Johann Kießling was the second son of Pastor Adolph Kießling (senior) (1807–1855) and grandson of the philologist and Zeitz Abbey Director Gottlieb Kiessling . Adolph Kießling was his brother. Both lost their parents at an early age and then lived in Naumburg , where they attended the cathedral grammar school. After graduating from high school, Johann began to study mathematics and natural sciences in Göttingen in 1858 . He became a member of the Hannovera fraternity . He continued his studies in Halle (Saale) and Königsberg . For a short time he was an assistant at the observatory of the University of Königsberg. In his last four semesters in Königsberg, from 1861 to 1863, he heard from Franz Ernst Neumann , one of the founders of theoretical physics, whose students formed the “Königsberg School”. In 1864 he passed the state examination for teaching at secondary schools ( facultas docendi ) in the subjects of mathematics, physics and mineralogy, after having previously been an assistant teacher at the Kneiphöfisches Gymnasium .

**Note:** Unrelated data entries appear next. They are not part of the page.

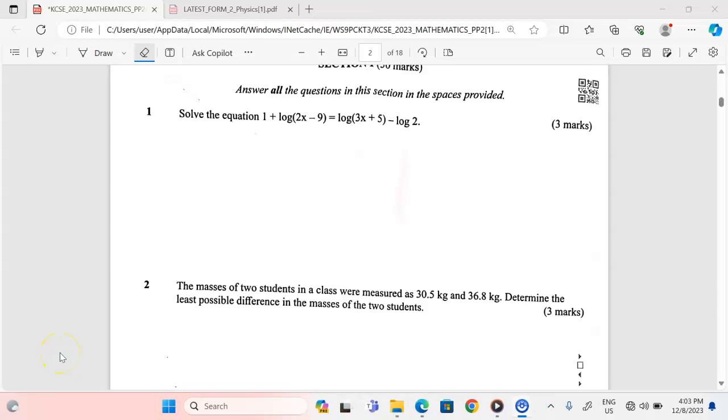Thank you for joining this lesson. We're going to look at the KCSE 2023 Mathematics Paper 2, Section 1.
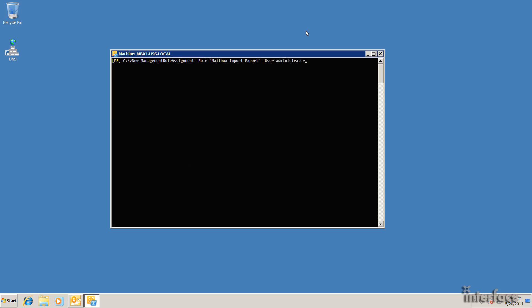Okay, so just before I run this command, I want to point out that this role assignment can actually be assigned to a security group. So instead of having to do it to 10 users, you could just do a group, put all the users in there, and then create the role assignment. Okay, so I'll go ahead and hit enter here. And you can see that it actually created the role assignment successfully.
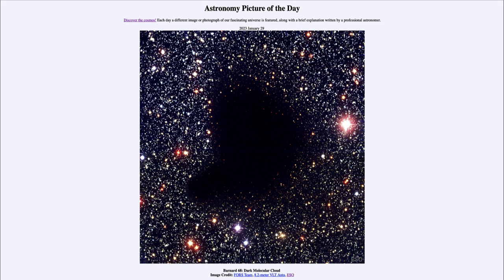If we look at this in visible light as shown in our image today, there appears to be nothing there. However, if we looked at this in infrared light, we would see all of the stars glowing there just as they are around it, and that's because the infrared wavelengths are longer and are better able to penetrate through the dust.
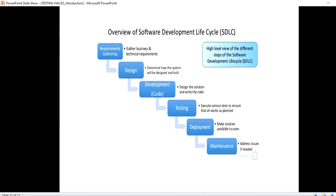As you can see here, these are the different phases of a software development life cycle. The very first thing is requirement gathering — gathering business and technical requirements. Then we have design, development, testing, deployment, and maintenance. These are the stages of a software development life cycle.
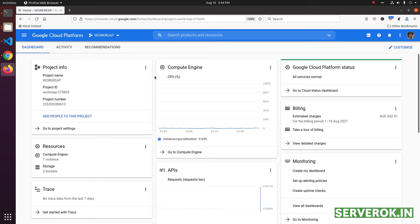In this video, we will delete a domain name from Google DNS. We are logged into Google Cloud Dashboard.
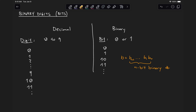Each element b_i, where i goes from 0 to n-1, can only take values of 0 or 1. For example, we can have the number 1011, where this is bit 0, bit 1, bit 2, and bit 3 — making this a 4-bit number, each taking values of 0 or 1.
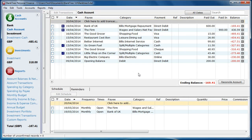Welcome to this tutorial about Banktree Personal Finance, version 3. In this tutorial I will talk to you about reconciling your transactions. The purpose of account reconciliation is to check that your recorded details agree with your published statement from your bank or other institution.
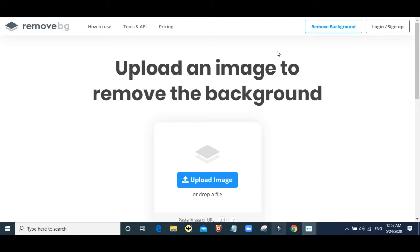Remove.bg does it as well, however it has a small catch. The free version gives you a small low resolution result which is okay to use for a website, for posters, for Instagram, for any small related non-commercial stuff that you want to do.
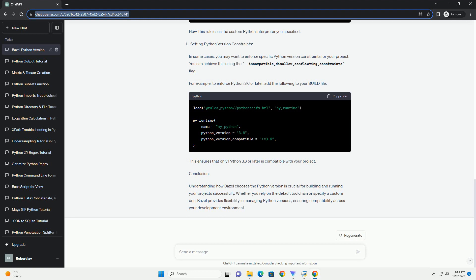You can specify a custom Python version by creating a custom toolchain configuration. Create a build file with the following content. Replace //path//to//custom//python with the path to your custom Python interpreter. In your build file or build rule, reference your custom toolchain.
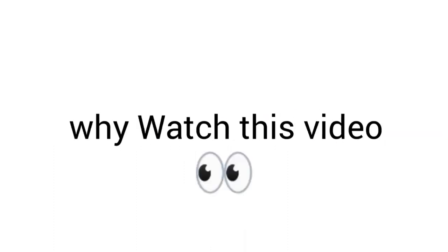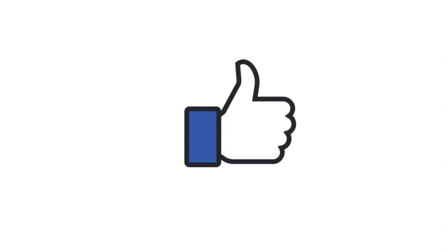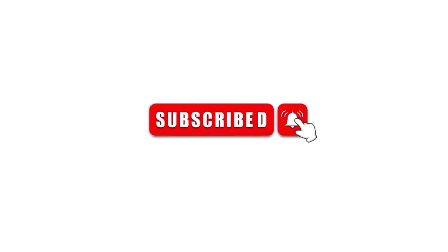But you may wonder why watch this video only today. Well, here is the answer. Oh no, I don't think you are quick enough to like this video and subscribe before I show you the answer.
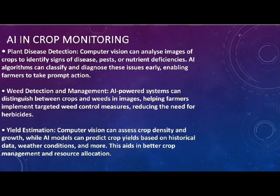Artificial intelligence plays a crucial role in crop monitoring, enhancing efficiency and precision. It also helps to assess crop health, predict yields, and identify potential issues such as pests and diseases.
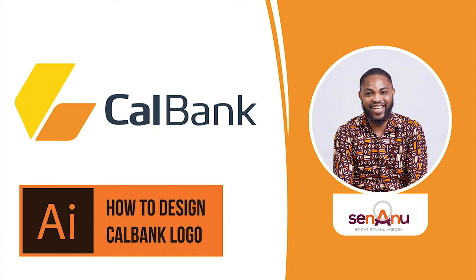Hello my name is Bryson Anu Agbusu and welcome to another edition of my creative design challenge. In today's episode I'm going to take you through how to use Adobe Illustrator to create the CalBank logo. Check it out.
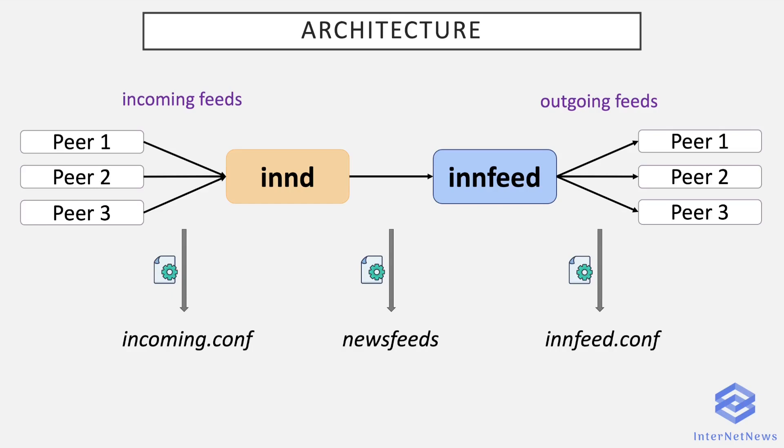So you now see the big picture of peering, from incoming feeds to outgoing feeds. Of course, they are often the same. It's pretty weird that you only do it one way only. Usually you both receive and send articles with a peer. You receive with INND and you send with innfeed.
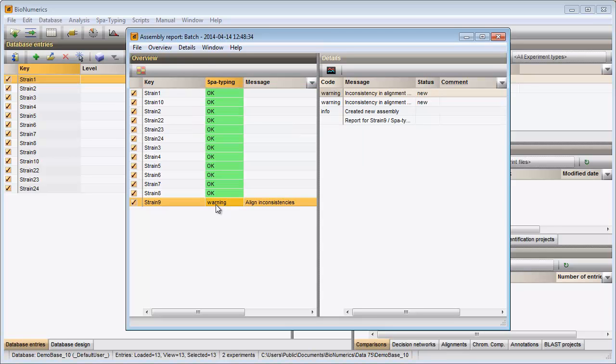When I click on the cell, the details are updated in the details panel on the right-hand side. I can open the assembler window by double-clicking on a warning message.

He spent his probationary year at the Joachimsthaler Gymnasium in Berlin, where his uncle Gustav Kiessling (1809-1884) was rector. During that time he became a member of the Physical Society in Berlin, from which the German Chemical Society emerged , and worked in Heinrich Gustav Magnus' laboratory . Then he also acquired the teaching qualification for the subjects botany and zoology. In 1867 the Prussian cultural administration transferred him to the grammar school in Flensburg . There he also did his military service. After three years he moved to the service of the Free and Hanseatic City of Hamburg in 1870, where - after he had to go to the Franco-German War in the meantime - he became a senior teacher and, from 1875, a high school professor at Hamburg's oldest grammar school, the learned school of the Johanneum , where his brother was already Adolph taught. He stayed at the school until he retired in 1902 and then moved to Marburg, where he became part of the scientific city society.

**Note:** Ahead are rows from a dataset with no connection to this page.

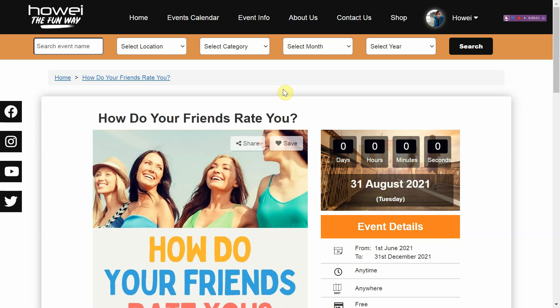Greetings, this is Sam and today we're going to be showing you how to approve your brand new event on the Huawei platform.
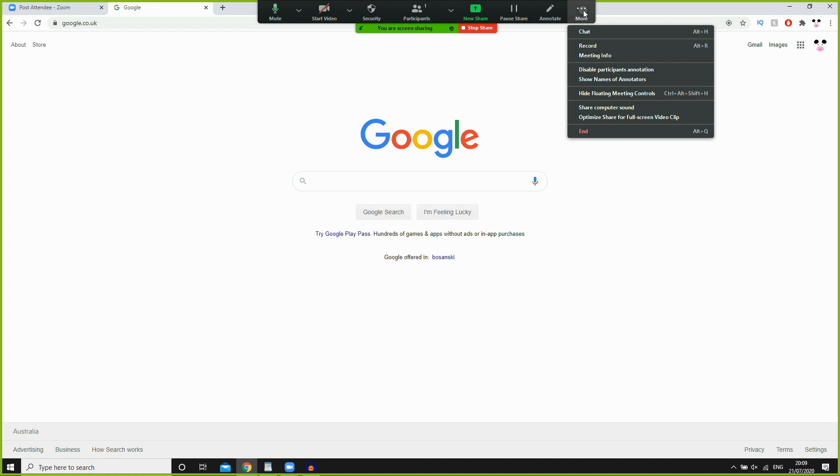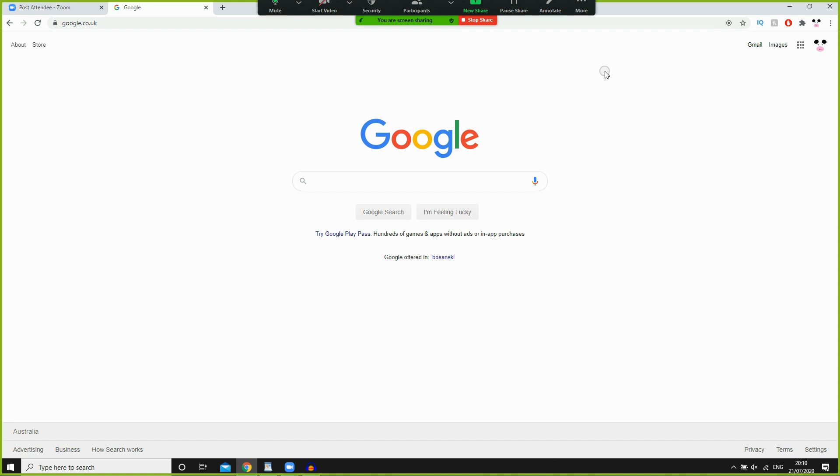Then you're going to click 'Disable Participants Annotation.' Click there, and once you've clicked that, annotations will be disabled.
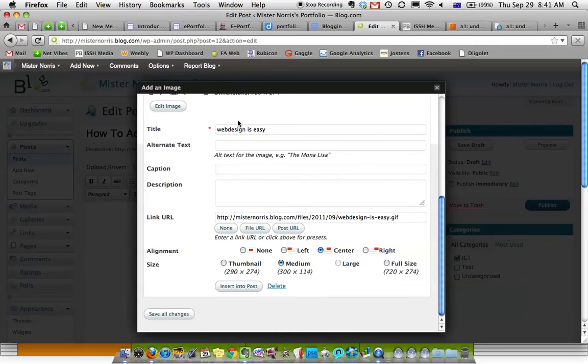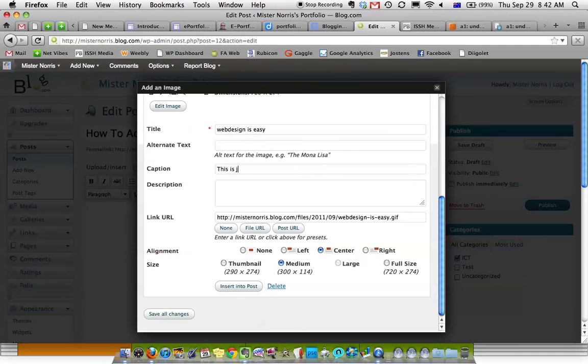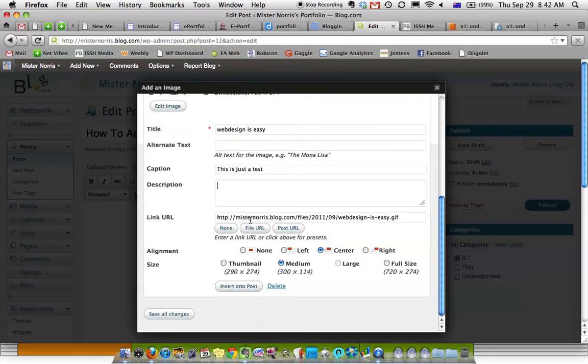Once it uploads, you've got a title, you can have an alternative text if you choose, or a caption. A description, here is the link, so whenever you click on that image, this is where it will take you.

Johann Kießling emerged as a pedagogue by writing textbooks for physics lessons in higher schools or by contributing to the publication. In doing so, he was able to fall back on some experiments that he himself had carried out for the first time. In the field of optics and acoustics, he made experiments that yielded interesting findings. As a meteorologist in particular, he carried out investigations and made calculations to research atmospheric-optical phenomena. He researched fog formation and atmospheric disturbances after volcanic eruptions with massive smoke formation, for example the eruption of Krakatau in the Sunda Strait in Indonesia in 1883 and the eruption of Mont Pelée on the island of Martinique in the Caribbean in 1903. Johann Kießling published his articles in all relevant journals, gladly, however, in the meeting reports of the Society for the Promotion of All Natural Sciences in Marburg , of which he was also a member.

Honors

literature

  • Feddersen, Berend Wilhelm and JA von Öttinger: JC Poggendorff's Biographisch-Literarisches Handwörterbuch zur Geschichte der exacten Wissenschaft, 3rd volume, Leipzig: Verlag von Johann Ambrosius Barth 1898, p. 717
  • Von Öttinger, Arthur: JC Poggendorff's Biographisch-Literarisches Handwörterbuch zur Geschichte der exacten Wissenschaften, 4th volume, Leipzig: Verlag von Johann Ambrosius Barth 1904, p. 746
  • JC Poggendorff's biographical-literary concise dictionary for mathematics, astronomy, physics, chemistry and related fields of knowledge, Volume V: 1904-1922, Berlin: Verlag Chemie GMBH 1926, p. 628
  • Forstreuter, Kurt, and Fritz Gause: Old Prussian Biography, Volume 3, Marburg / Lahn: Elwert 1975, p. 976
  • Schröder, Wilfried, and Karl-Heinrich Wiederkehr: Johann Kiessling (1839–1905) and the exploration of atmospheric-optical phenomena, Meteorologische Zeitschrift, 1995, issue 4, pp. 268–273

Individual evidence

  1. ^ Henning Tegtmeyer : Directory of members of the fraternity Hannovera zu Göttingen 1848-1998 . Düsseldorf 1998, p. 33.
  2. Kathryn Mary Olesko: Physics As a Calling: Discipline and Practice in the Königsberg Seminar for Physics , Cornell History of Science Series, Ithaca 1991, ISBN 978-0801422485 ; (Internet source)
  3. Hulbert Harrington Warner, businessman. Monroe County Library System, accessed October 26, 2018 (picture and biography).